[Stored items]
++++++++++++++++++++

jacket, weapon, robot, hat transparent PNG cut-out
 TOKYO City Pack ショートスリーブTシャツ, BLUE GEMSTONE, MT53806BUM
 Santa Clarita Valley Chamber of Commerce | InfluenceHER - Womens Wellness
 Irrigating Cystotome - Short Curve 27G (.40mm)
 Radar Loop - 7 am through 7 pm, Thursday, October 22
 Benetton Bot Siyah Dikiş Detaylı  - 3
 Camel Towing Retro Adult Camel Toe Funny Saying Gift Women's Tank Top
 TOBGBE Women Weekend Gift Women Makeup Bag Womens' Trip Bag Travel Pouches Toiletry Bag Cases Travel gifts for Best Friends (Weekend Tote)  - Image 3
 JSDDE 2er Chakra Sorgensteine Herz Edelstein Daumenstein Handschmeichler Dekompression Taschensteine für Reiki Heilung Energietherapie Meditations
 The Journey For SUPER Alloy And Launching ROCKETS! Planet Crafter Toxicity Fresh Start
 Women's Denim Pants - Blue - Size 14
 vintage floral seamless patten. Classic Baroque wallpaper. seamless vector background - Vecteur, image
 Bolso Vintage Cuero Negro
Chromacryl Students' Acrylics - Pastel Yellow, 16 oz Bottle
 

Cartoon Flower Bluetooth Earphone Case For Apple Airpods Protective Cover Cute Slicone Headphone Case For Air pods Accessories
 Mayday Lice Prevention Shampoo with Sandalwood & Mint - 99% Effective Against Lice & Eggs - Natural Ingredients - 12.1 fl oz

++++++++++++++++++++

**Instructions for the task:** In the data above, which lines lie between the line with "TOKYO City Pack" and the line with "TOBGBE Women Weekend", inclusive? Print those lines exactly and nothing else.

**Solution to the exercise:**
 TOKYO City Pack ショートスリーブTシャツ, BLUE GEMSTONE, MT53806BUM
 Santa Clarita Valley Chamber of Commerce | InfluenceHER - Womens Wellness
 Irrigating Cystotome - Short Curve 27G (.40mm)
 Radar Loop - 7 am through 7 pm, Thursday, October 22
 Benetton Bot Siyah Dikiş Detaylı  - 3
 Camel Towing Retro Adult Camel Toe Funny Saying Gift Women's Tank Top
 TOBGBE Women Weekend Gift Women Makeup Bag Womens' Trip Bag Travel Pouches Toiletry Bag Cases Travel gifts for Best Friends (Weekend Tote)  - Image 3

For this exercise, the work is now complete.